##### Provided data #####

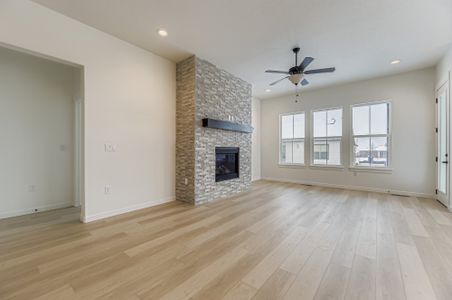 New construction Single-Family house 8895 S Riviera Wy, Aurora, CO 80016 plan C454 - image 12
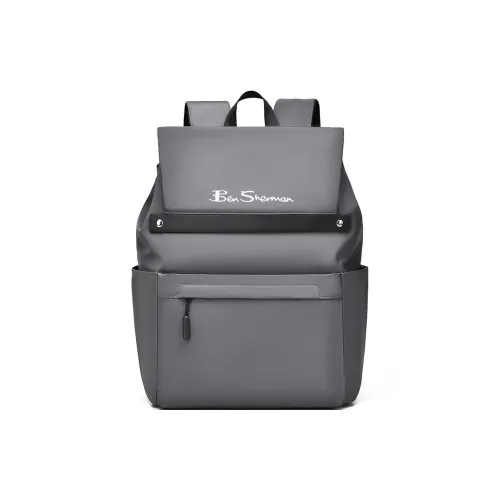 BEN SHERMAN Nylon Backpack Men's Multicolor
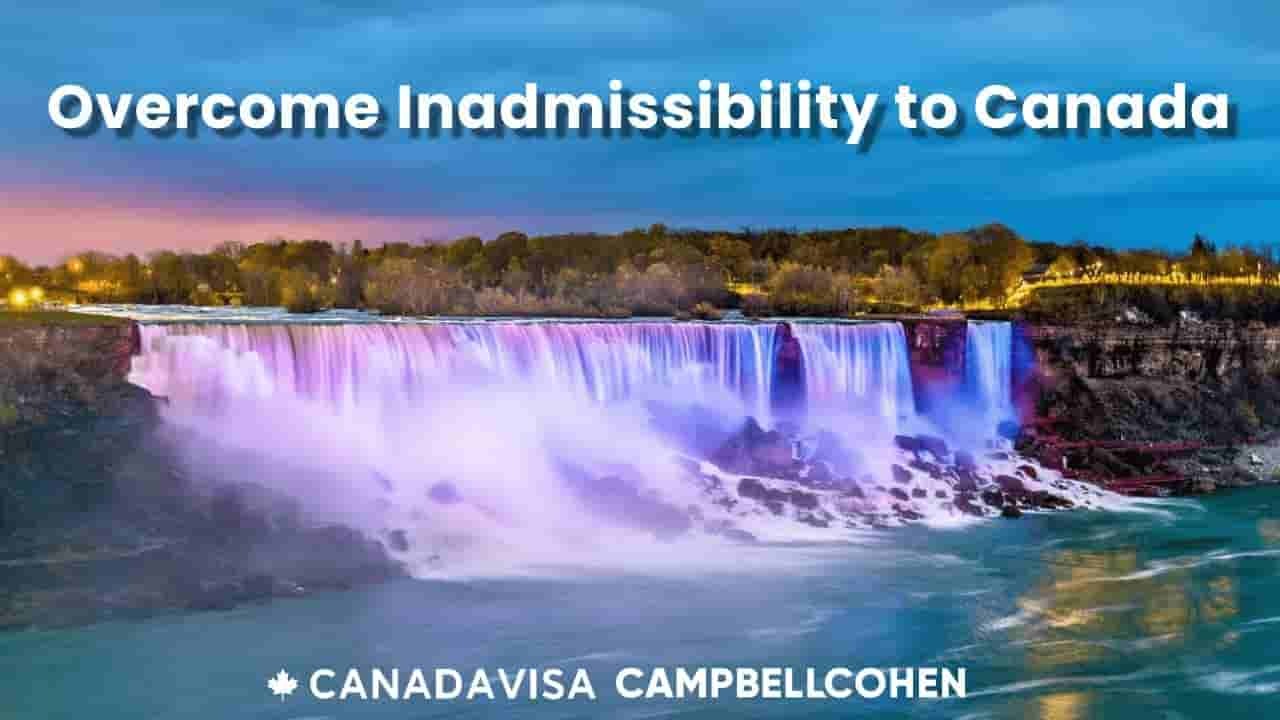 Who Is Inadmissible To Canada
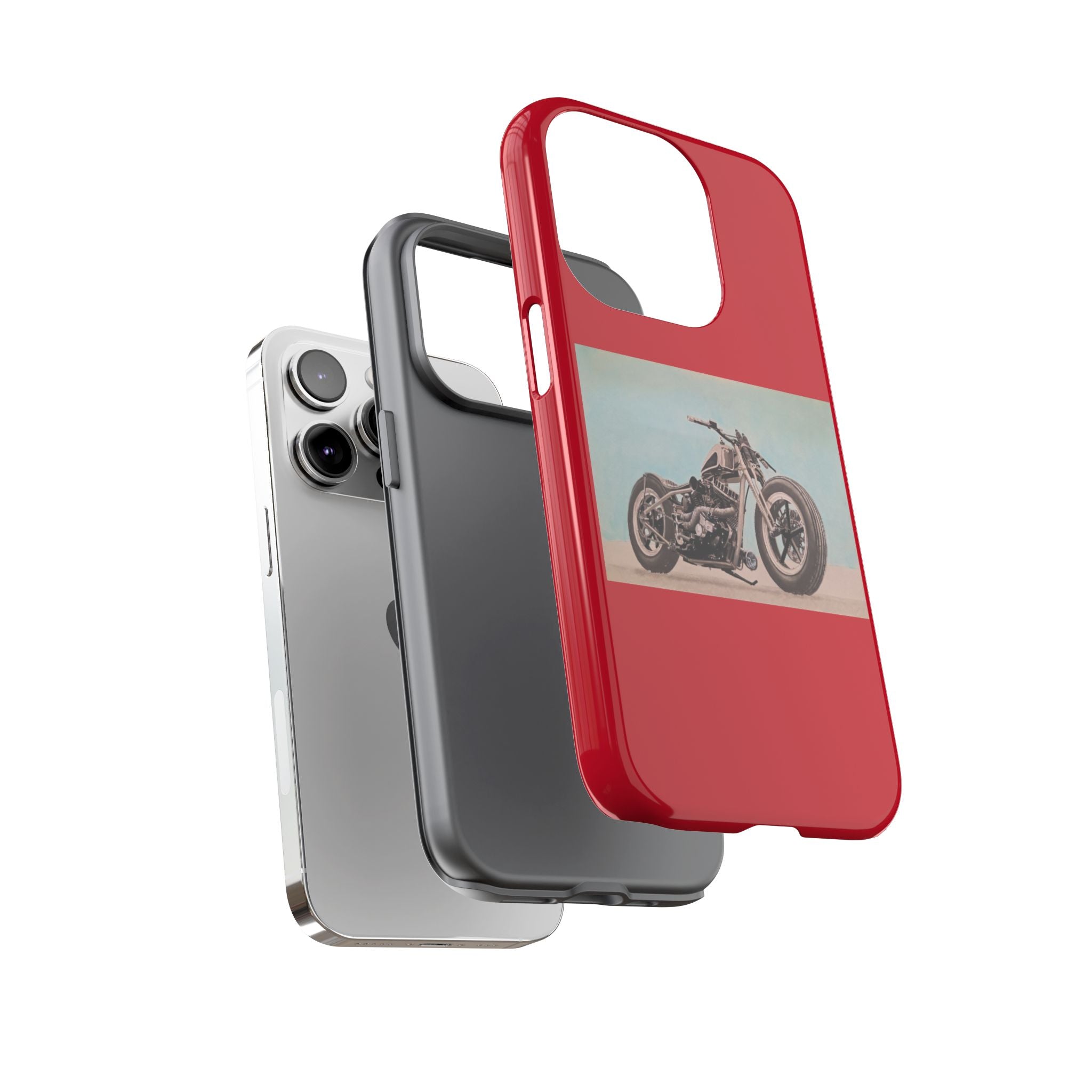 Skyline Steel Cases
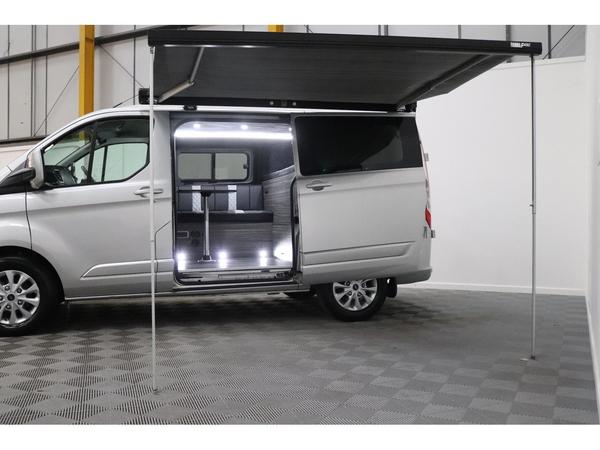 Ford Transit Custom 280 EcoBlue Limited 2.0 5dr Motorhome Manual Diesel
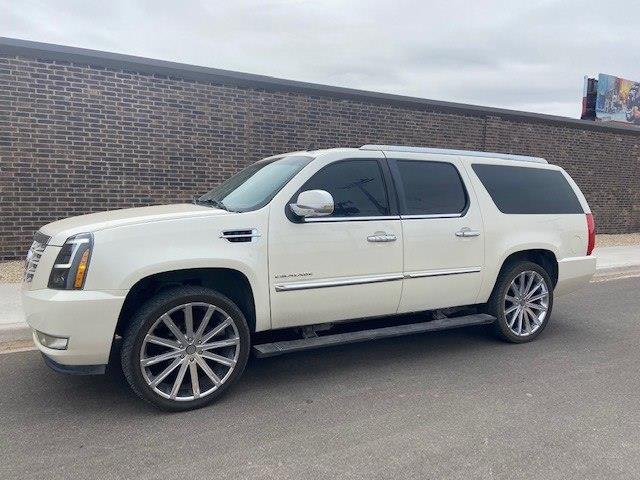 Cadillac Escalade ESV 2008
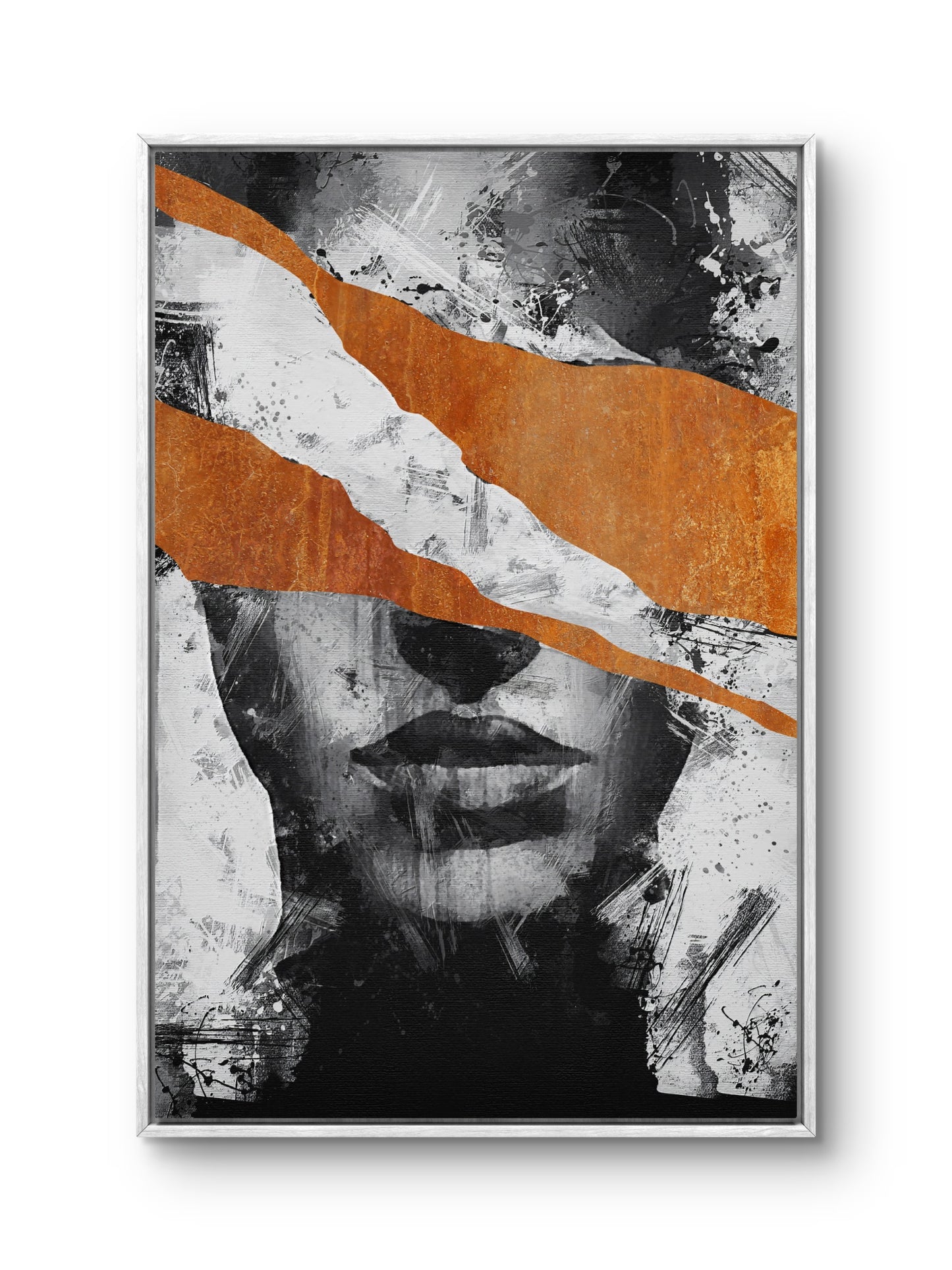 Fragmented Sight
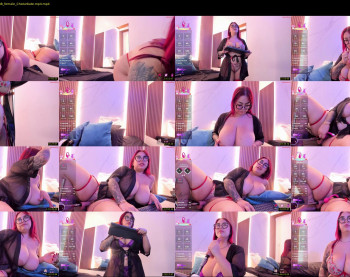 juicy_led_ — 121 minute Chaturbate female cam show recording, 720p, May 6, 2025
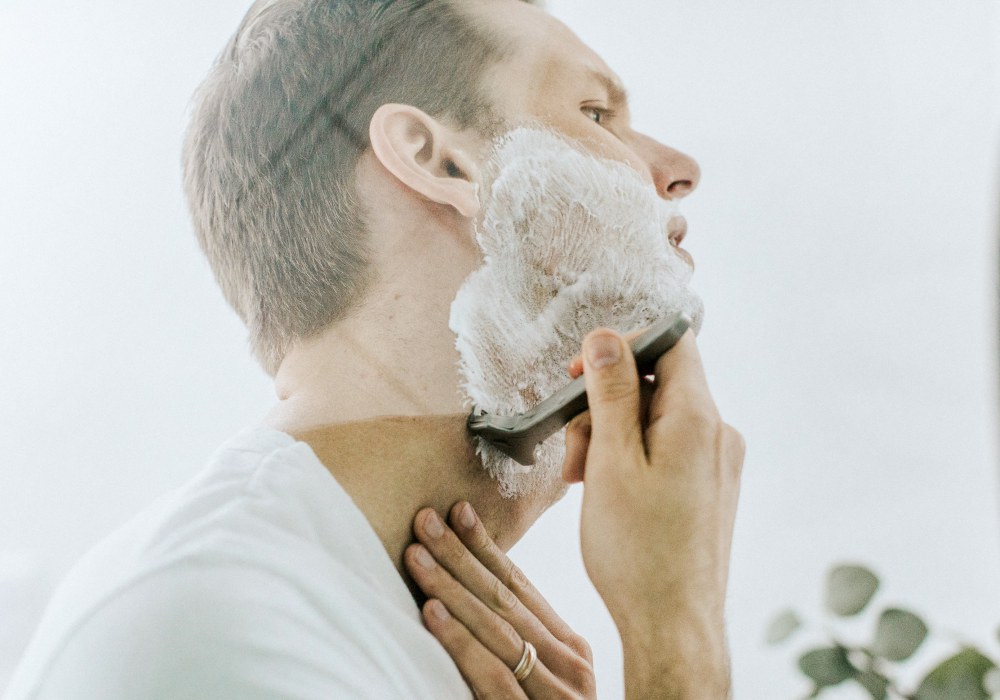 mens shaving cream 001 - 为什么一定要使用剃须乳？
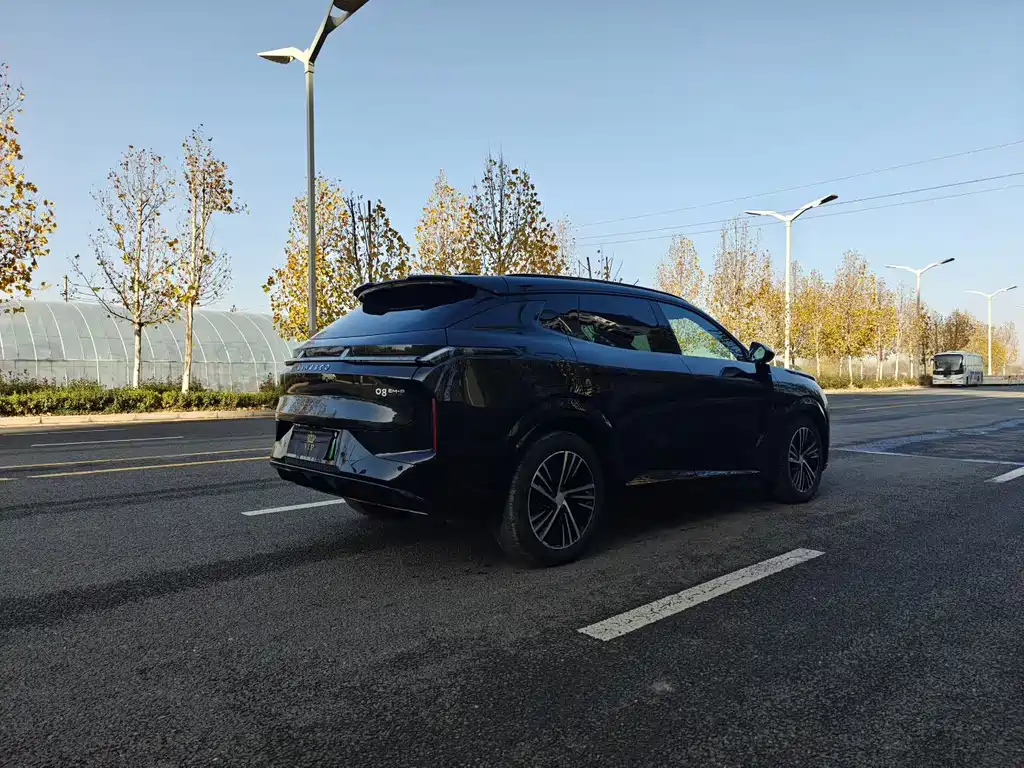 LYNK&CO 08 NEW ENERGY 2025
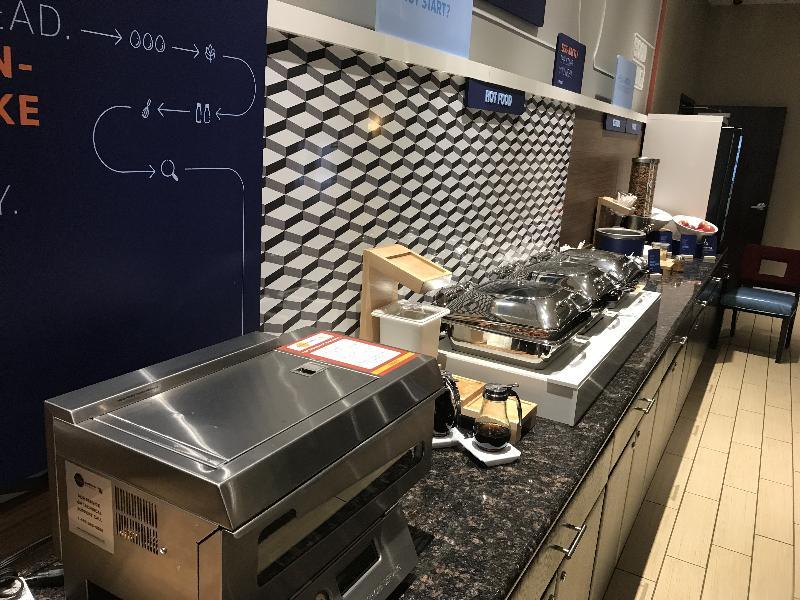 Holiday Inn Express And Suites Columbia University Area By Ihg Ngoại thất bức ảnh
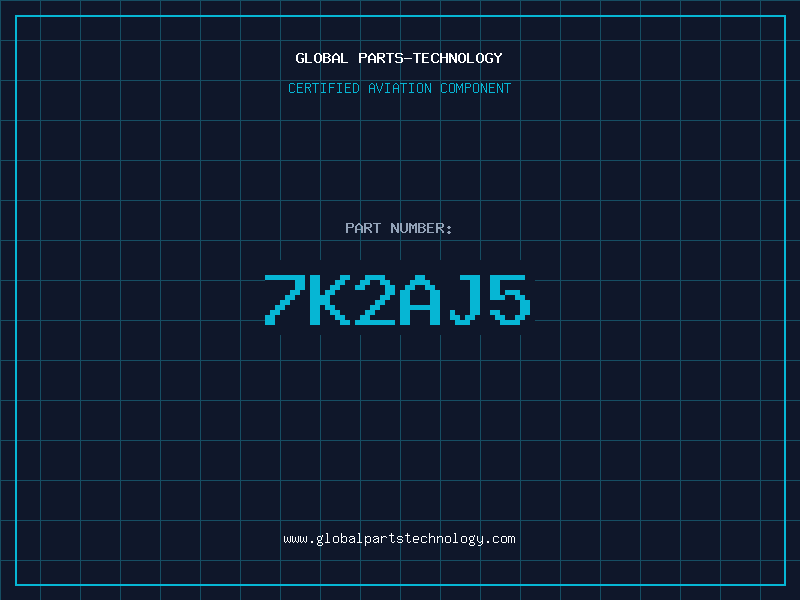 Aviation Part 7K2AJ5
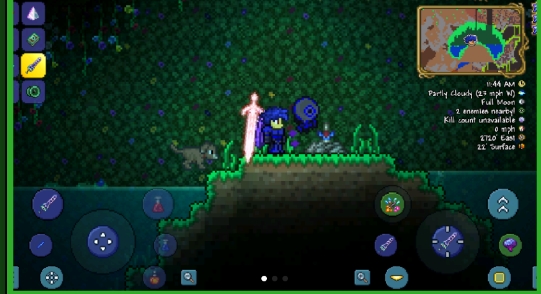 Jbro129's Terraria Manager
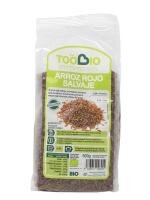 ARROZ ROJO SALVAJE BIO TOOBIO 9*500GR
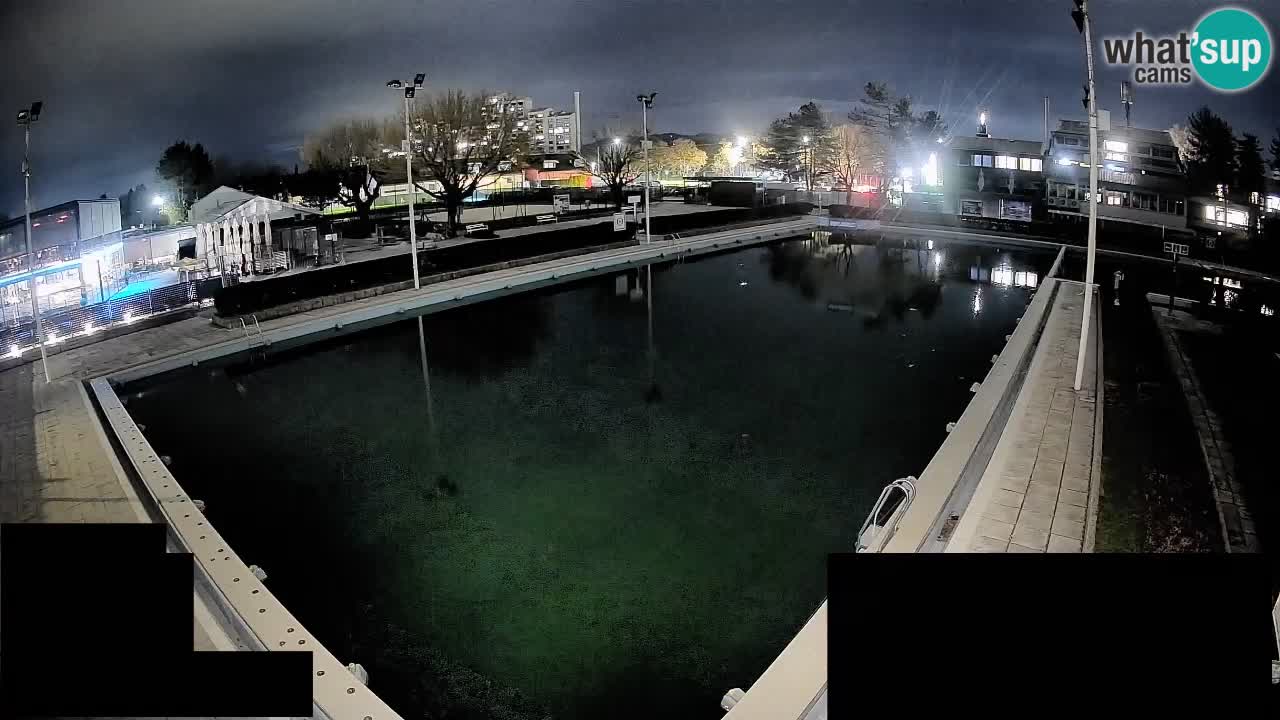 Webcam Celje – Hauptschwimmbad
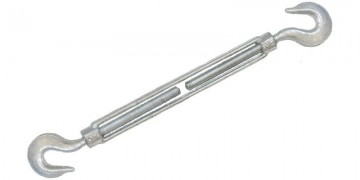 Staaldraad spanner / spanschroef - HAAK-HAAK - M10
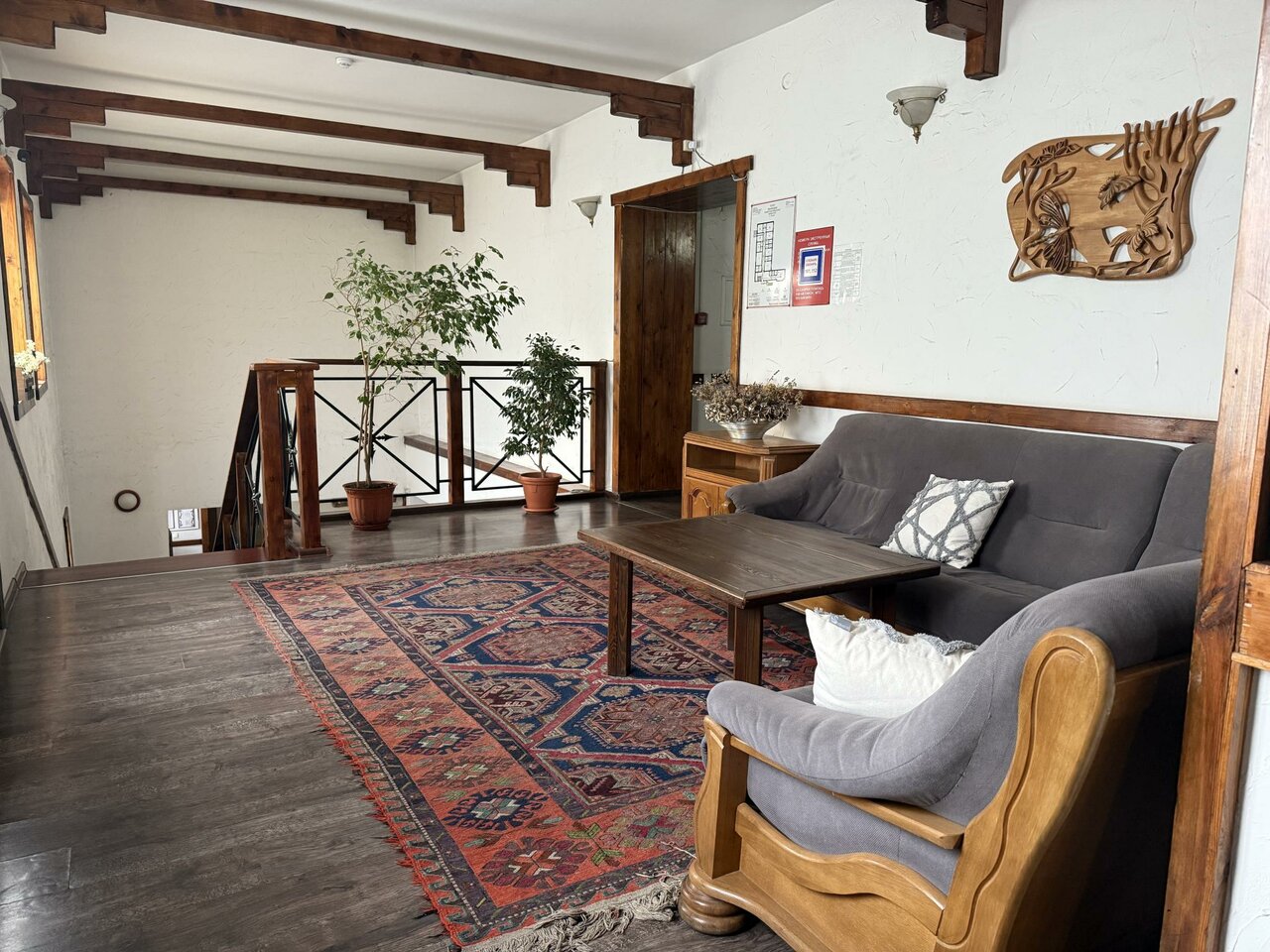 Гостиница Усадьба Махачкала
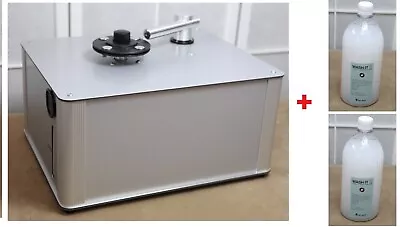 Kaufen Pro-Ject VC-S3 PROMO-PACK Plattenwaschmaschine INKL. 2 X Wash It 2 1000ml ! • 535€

#####

→ **Exercise prompt**:
From the first line to the last, set down the records above exactly and skip the pictures.

→ **Result**:
 New construction Single-Family house 8895 S Riviera Wy, Aurora, CO 80016 plan C454 - image 12
 BEN SHERMAN Nylon Backpack Men's Multicolor
 Who Is Inadmissible To Canada
 Skyline Steel Cases
 Ford Transit Custom 280 EcoBlue Limited 2.0 5dr Motorhome Manual Diesel
 Cadillac Escalade ESV 2008
 Fragmented Sight
 juicy_led_ — 121 minute Chaturbate female cam show recording, 720p, May 6, 2025
 mens shaving cream 001 - 为什么一定要使用剃须乳？
 LYNK&CO 08 NEW ENERGY 2025
 Holiday Inn Express And Suites Columbia University Area By Ihg Ngoại thất bức ảnh
 Aviation Part 7K2AJ5
 Jbro129's Terraria Manager
 ARROZ ROJO SALVAJE BIO TOOBIO 9*500GR
 Webcam Celje – Hauptschwimmbad
 Staaldraad spanner / spanschroef - HAAK-HAAK - M10
 Гостиница Усадьба Махачкала
 Kaufen Pro-Ject VC-S3 PROMO-PACK Plattenwaschmaschine INKL. 2 X Wash It 2 1000ml ! • 535€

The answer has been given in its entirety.